The trainee, Lindy DeGeare, said Villegas's body was covered with a sheet and lying on a gurney. Another officer who was assigned to watch the body described it as having gunshots to the head, eye, arm and genital area, DeGeare told investigators, according to the reports.

Stringer put on gloves, pulled down the sheet to expose Villegas's head and upper body and looked at the wounds. He touched the bottom of Villegas's uncovered feet and said "tickle, tickle," then pulled on the toes of the right foot and said rigor mortis hadn't set in, DeGeare stated.

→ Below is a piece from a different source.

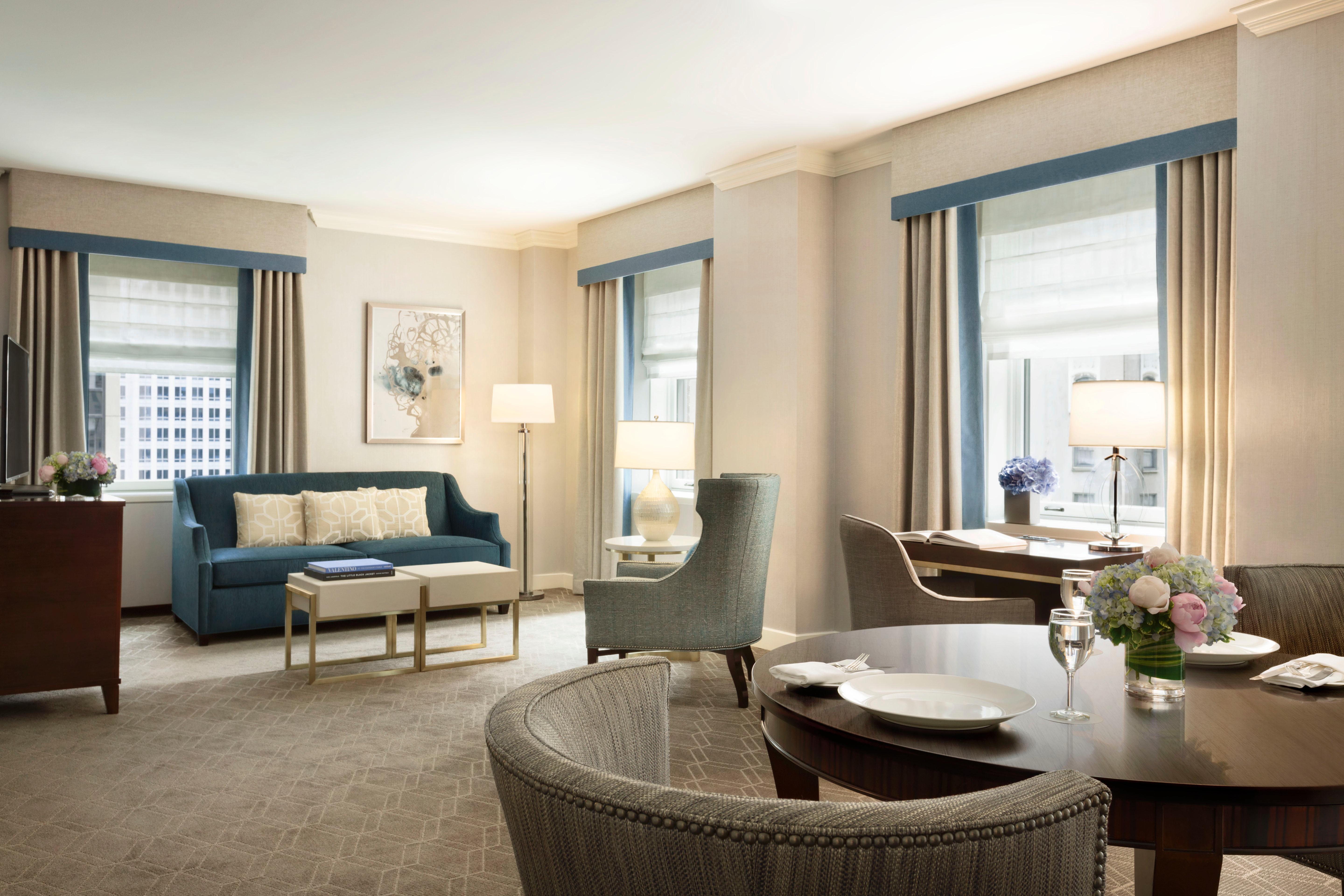 Grand 1 Bedroom Suite 1 King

He also moved Villegas' head and, finding it difficult, said he believed rigor mortis had set in, then told DeGeare he "loves playing with dead bodies" and laughed, according to the reports.

The other officer in the room said he witnessed Stringer touch Villegas' foot and grasp his jaw, according to the reports.

Police Chief Greg Williamson told the Californian on Friday that Stringer's alleged comments were disturbing and that while it is part of an officer's field training to view bodies, touching them is not allowed.

In February, police submitted a criminal report on Stringer's actions to the Kern County district attorney's office but the case was rejected, District Attorney Lisa Green said Monday.

"That isn't a crime, while it may be disgusting," Green said, referring to his alleged manipulation of the body.

There are laws against desecrating corpses physically and against moving corpses from the place of death without coroner's permission but "he did neither of those," Green said.

However, Mark Geragos, an attorney for Villegas's mother, said that if Stringer did touch the body before it had been autopsied, that could have consequences for the investigation of the shooting. "Besides it being ghoulish behavior...it's tampering with evidence, obviously," Geragos said.

Geragos said he intends to sue over the killing and will include the allegations of body manipulation.

The Associated Press was unable to find a working telephone number for Stringer. A message seeking comment from him or his attorney was left with the Bakersfield Police Officers Association but not immediately returned.

A message also was left with H. A. Sala, an attorney who represented Stringer after he was arrested on suspicion of hit-and-run and driving under the influence of a prescription sleeping pill in 2010. He pleaded no contest to a "wet and reckless" charge and was fined and ordered to attend a Department of Motor Vehicles class.

Last year, Stringer shot and killed a man who charged at him with a metal bicycle lock. Stringer also holds a 2009 Medal of Valor for saving his partner during a shootout in which both were wounded.

Both shootings were ruled justified by the department.